"photo 2 Charming" appears in one line of the listing below; retype that line and every later line exactly, stopping at the end, and nothing else.

########

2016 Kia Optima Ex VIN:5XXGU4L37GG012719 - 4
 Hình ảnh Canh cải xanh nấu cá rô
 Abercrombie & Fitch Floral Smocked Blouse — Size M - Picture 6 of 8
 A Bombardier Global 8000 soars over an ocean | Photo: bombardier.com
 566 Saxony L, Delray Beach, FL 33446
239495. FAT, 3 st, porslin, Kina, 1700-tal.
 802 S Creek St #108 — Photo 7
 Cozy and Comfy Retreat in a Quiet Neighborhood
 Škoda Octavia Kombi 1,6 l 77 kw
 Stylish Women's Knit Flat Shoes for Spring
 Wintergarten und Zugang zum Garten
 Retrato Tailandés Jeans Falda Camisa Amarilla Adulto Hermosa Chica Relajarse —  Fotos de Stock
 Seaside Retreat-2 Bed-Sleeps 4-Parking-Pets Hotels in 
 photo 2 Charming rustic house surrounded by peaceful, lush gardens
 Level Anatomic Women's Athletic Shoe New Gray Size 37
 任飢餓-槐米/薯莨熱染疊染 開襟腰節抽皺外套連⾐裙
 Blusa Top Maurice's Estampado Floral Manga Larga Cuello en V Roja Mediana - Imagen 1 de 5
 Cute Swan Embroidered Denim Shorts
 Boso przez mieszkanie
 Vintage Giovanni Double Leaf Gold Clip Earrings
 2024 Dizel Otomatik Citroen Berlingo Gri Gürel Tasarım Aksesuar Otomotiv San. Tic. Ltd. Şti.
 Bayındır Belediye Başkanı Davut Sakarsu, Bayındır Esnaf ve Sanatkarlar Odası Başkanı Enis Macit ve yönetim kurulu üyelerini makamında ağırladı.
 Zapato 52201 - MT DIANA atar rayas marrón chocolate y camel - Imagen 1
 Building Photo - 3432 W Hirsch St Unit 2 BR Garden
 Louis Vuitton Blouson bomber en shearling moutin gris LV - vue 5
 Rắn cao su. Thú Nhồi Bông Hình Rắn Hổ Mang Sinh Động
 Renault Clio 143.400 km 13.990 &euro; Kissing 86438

########

RESPONSE AREA ▸
 photo 2 Charming rustic house surrounded by peaceful, lush gardens
 Level Anatomic Women's Athletic Shoe New Gray Size 37
 任飢餓-槐米/薯莨熱染疊染 開襟腰節抽皺外套連⾐裙
 Blusa Top Maurice's Estampado Floral Manga Larga Cuello en V Roja Mediana - Imagen 1 de 5
 Cute Swan Embroidered Denim Shorts
 Boso przez mieszkanie
 Vintage Giovanni Double Leaf Gold Clip Earrings
 2024 Dizel Otomatik Citroen Berlingo Gri Gürel Tasarım Aksesuar Otomotiv San. Tic. Ltd. Şti.
 Bayındır Belediye Başkanı Davut Sakarsu, Bayındır Esnaf ve Sanatkarlar Odası Başkanı Enis Macit ve yönetim kurulu üyelerini makamında ağırladı.
 Zapato 52201 - MT DIANA atar rayas marrón chocolate y camel - Imagen 1
 Building Photo - 3432 W Hirsch St Unit 2 BR Garden
 Louis Vuitton Blouson bomber en shearling moutin gris LV - vue 5
 Rắn cao su. Thú Nhồi Bông Hình Rắn Hổ Mang Sinh Động
 Renault Clio 143.400 km 13.990 &euro; Kissing 86438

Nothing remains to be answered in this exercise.